Carter v. State

Annotate this Case

229 Ind. 205 (1951)

96 N.E.2d 273

CARTER v. STATE OF INDIANA.

No. 28,603.

Supreme Court of Indiana.

Filed January 26, 1951.

Rehearing denied February 28, 1951.

*206 James C. Cooper, Public Defender, for appellant.

J. Emmett McManamon, Attorney General; Frank E. Coughlin and Harold V. Whitelock, Deputy Attorneys General, for appellee.

JASPER, J.

Appellant was charged by affidavit in three counts (1) with the crimes of robbery while armed with a deadly weapon, under § 10-4709, Burns' 1942 Replacement; (2) robbery, under § 10-4101, Burns' 1942 Replacement; and (3) automobile banditry, under § 10-4710, Burns' 1942 Replacement; all arising out of the identical robbery. A plea of not guilty was entered, there was a trial by jury, and a verdict of guilty was returned for robbery while armed with a deadly weapon and for robbery. Judgment on each count was entered, and appellant was sentenced on each count, the sentences to run concurrently.

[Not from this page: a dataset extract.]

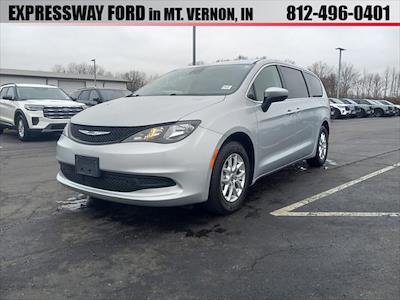 Used 2023 Chrysler Voyager - photo 1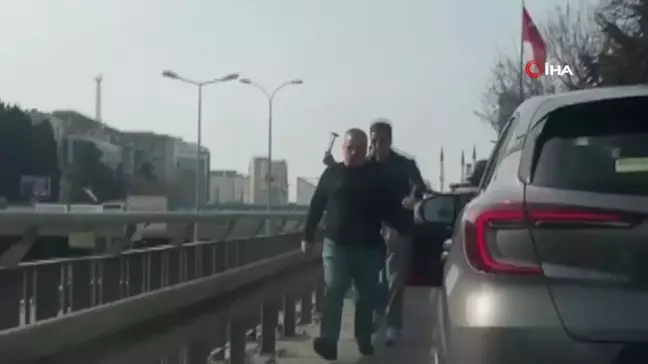 E5 Karayolu'nda iftar saatinde sürücüler arasında çekiçli bıçaklı kavga kamerada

*207 The sole question presented is whether or not error was committed in entering judgment on the first and second counts of the affidavit. Appellant contends that robbery is contained in the offense of robbery while armed with a deadly weapon, and that he should have been found guilty and sentenced on the first count only. In the case of Kokenes v. State (1938), 213 Ind. 476, 479, 480, 13 N.E.2d 524, 525, 526, robbery while armed and robbery were charged in separate counts arising out of the identical robbery. There was a verdict of guilty upon both counts, and judgment and sentence followed upon both counts. This court said:

"It does not follow, however, that a defendant may be convicted for committing a robbery and committing a robbery while armed, where the same identical robbery is involved.... "The offenses here involved are in the same category. The same robbery is involved in both, but in one the offense is aggravated by the fact that the defendant was armed with a deadly weapon. If the robbery be established, but it is not proven that he was armed, there should be a conviction for robbery. If the robbery is established and that he was armed, there should be a conviction under the statute in question. Guilt under the latter necessarily implies that the defendant is guilty of the robbery. The judgment should have been for the greater offense. The court entered judgment and sentenced the defendant under both counts; the sentences to run concurrently, however. This was error...."[1]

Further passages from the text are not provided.